Re: Scope and complexity (was Re: More on XSS mitigation)

On Tue, Jan 25, 2011 at 3:19 PM, Brandon Sterne <bsterne@mozilla.com> wrote:
> On 01/25/2011 02:32 PM, Adam Barth wrote:
>>> Others have expressed interest in the existing CSP features within this
>>> discussion.  If people find the features useful now then why would take
>>> a wait-and-see approach to building them in to the model?
>>
>> Because I'd like to wait-and-see whether they're right.  :)
>>
>> Less glibly, I think that CSP has a bunch of ideas bundled together.
>> I think some of those ideas are great (like limiting where you get
>> scripts from), but I think that others aren't as great (e.g., limiting
>> where you can XHR or the clickjacking mitigation).  I'd like to
>> implement the great ideas now and pave the way for implementing more
>> great ideas in the future.
>
> I do think we're getting somewhere, for what it's worth :-)

That's good.  It seems clear to me that we should be able to figure
something out.

> I agree with you that some of CSP's features are obvious wins. Some of
> the features are less obvious in terms of immediate benefits provided
> (more on that below).  I think we disagree on which features are obvious
> wins.  I would place content restrictions in the category of obvious
> win. We have heard people say that CSP "would be a lot less useful if it
> didn't include those capabilities".  This is not a matter of
> waiting-and-seeing if they are "right". These features fit in to their
> current use cases.
>
> If you have concrete reasons why specific features should be abandoned
> or deferred until later, now is the time to bring them up.

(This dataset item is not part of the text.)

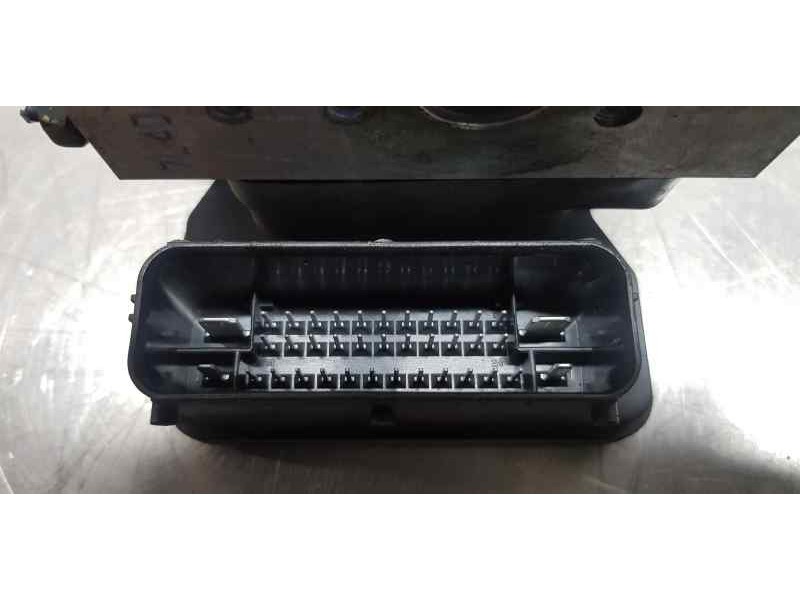Recambio de abs para hyundai ix35 comfort 2wd referencia OEM IAM 589202Y350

Otherwise,
> CSP offers a solution to a real set of problems.  There may be ways to
> improve the solutions and we should adopt those if we can discover them.
>  If not, then CSP surely must be better than no solution.

Rather than lump CSP features into "now" and "later", I'll try to rank
them in order of how impactful they seem to me.  Ideally we'd be able
to arrange things so that we don't have to agree over where to draw
the line between "now" and "later".

script-src
object-src
report-uri
style-src
frame-src
policy-uri
img-src
xhr-src
frame-ancestors
media-src
font-src
options eval-script
options inline-script

In the list above, I'm using CSP syntax, but I mean them to represent
the feature behind the syntax, or what I imagine the syntax to be
useful for.  For example, I'm not in love with the report-uri
mechanism, but in listing it above, I mean the "web sites should be
able to get telemetry data about how well their site complies with
their policy" feature.

There are also some features I think would be valuable that aren't in CSP:

utf8-damn-it
no-outgoing-referrer
object-types <media-type-list>
block-third-party-cookies

I'm not sure exactly where they fit in my priority list, and I'd like
to defer that decision until later, but they're on my radar.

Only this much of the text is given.